### YOUR INSTRUCTIONS
Leave out the pictures and retype all the entries below exactly.

### RECORDS
——

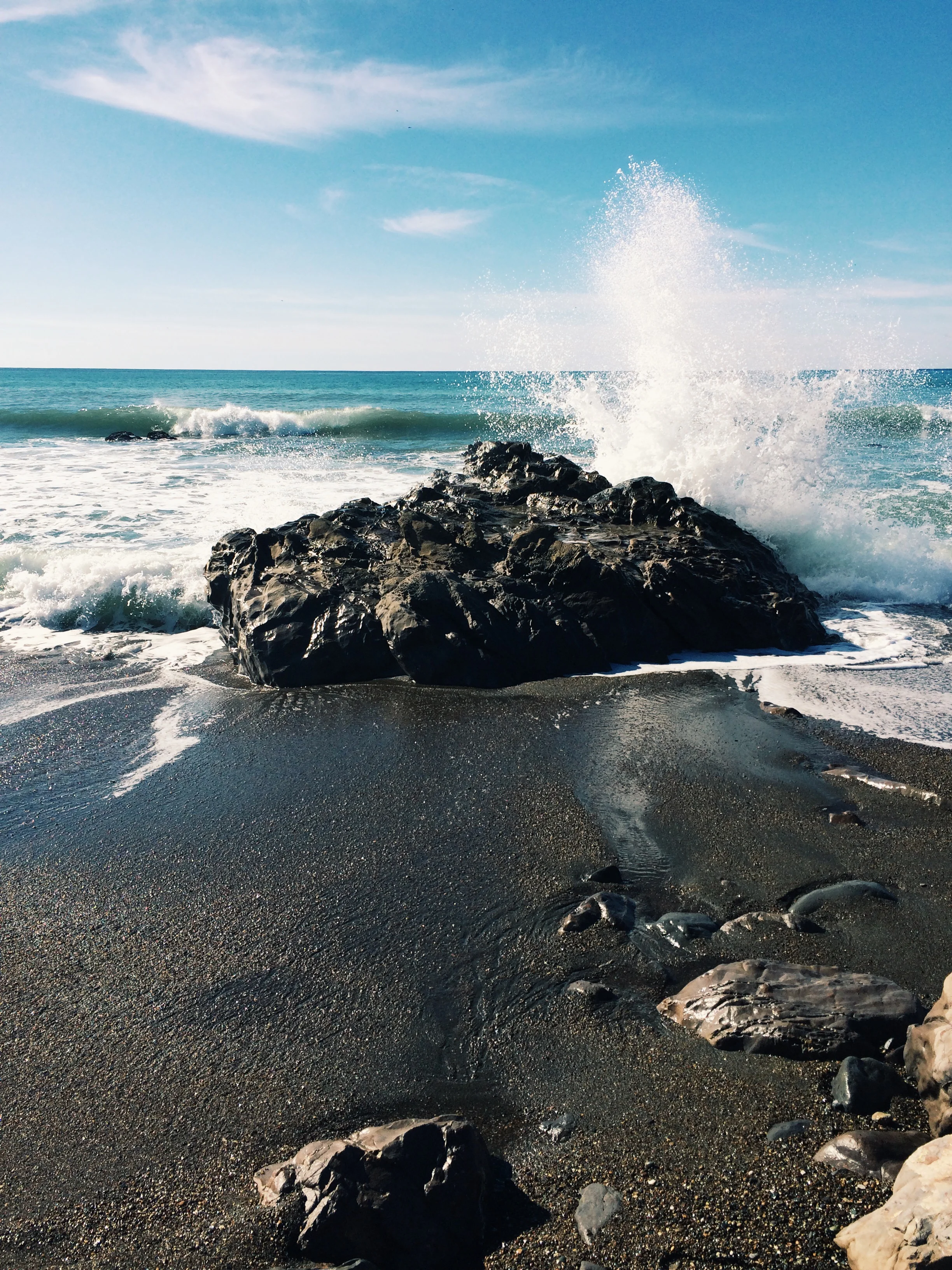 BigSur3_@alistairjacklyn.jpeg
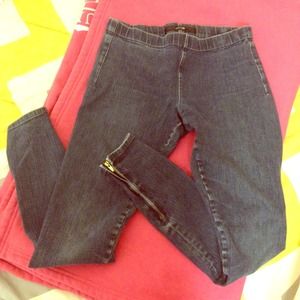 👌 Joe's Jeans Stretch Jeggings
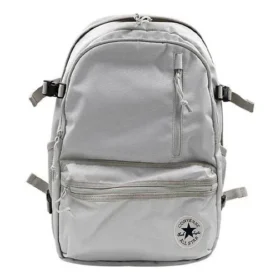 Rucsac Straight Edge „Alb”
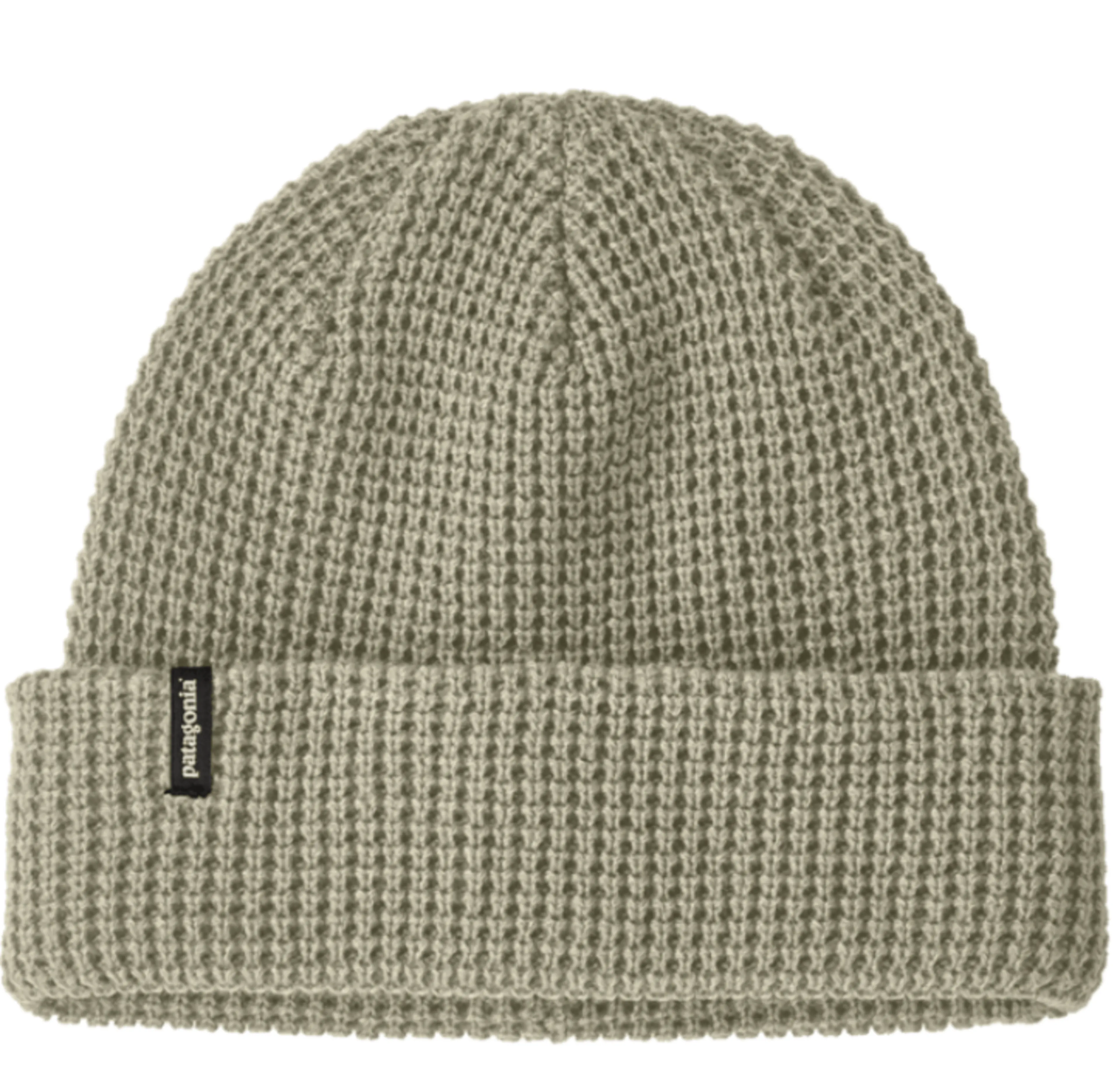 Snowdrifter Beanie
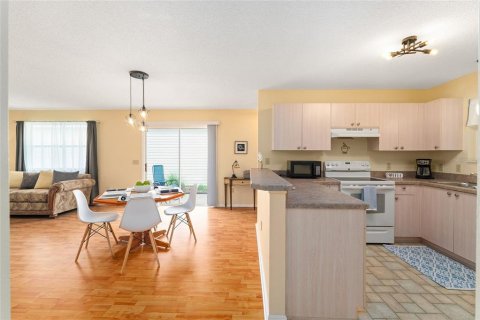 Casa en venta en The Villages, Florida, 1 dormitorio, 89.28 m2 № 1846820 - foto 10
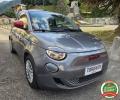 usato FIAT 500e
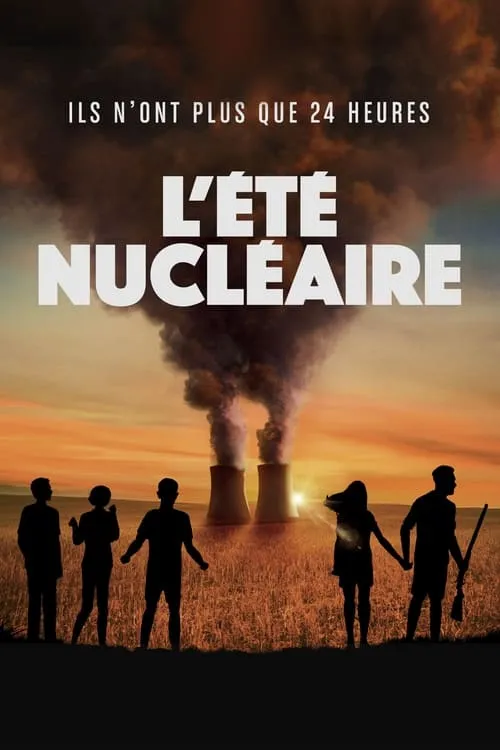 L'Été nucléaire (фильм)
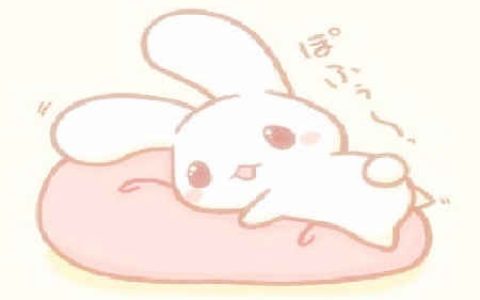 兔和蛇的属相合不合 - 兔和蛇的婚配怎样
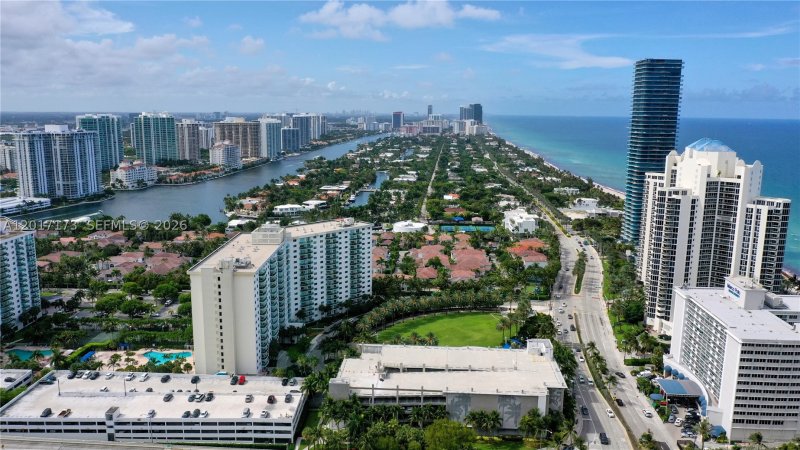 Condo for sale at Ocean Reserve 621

——

### OUTPUT
 BigSur3_@alistairjacklyn.jpeg
 👌 Joe's Jeans Stretch Jeggings
 Rucsac Straight Edge „Alb”
 Snowdrifter Beanie
 Casa en venta en The Villages, Florida, 1 dormitorio, 89.28 m2 № 1846820 - foto 10
 usato FIAT 500e
 L'Été nucléaire (фильм)
 兔和蛇的属相合不合 - 兔和蛇的婚配怎样
 Condo for sale at Ocean Reserve 621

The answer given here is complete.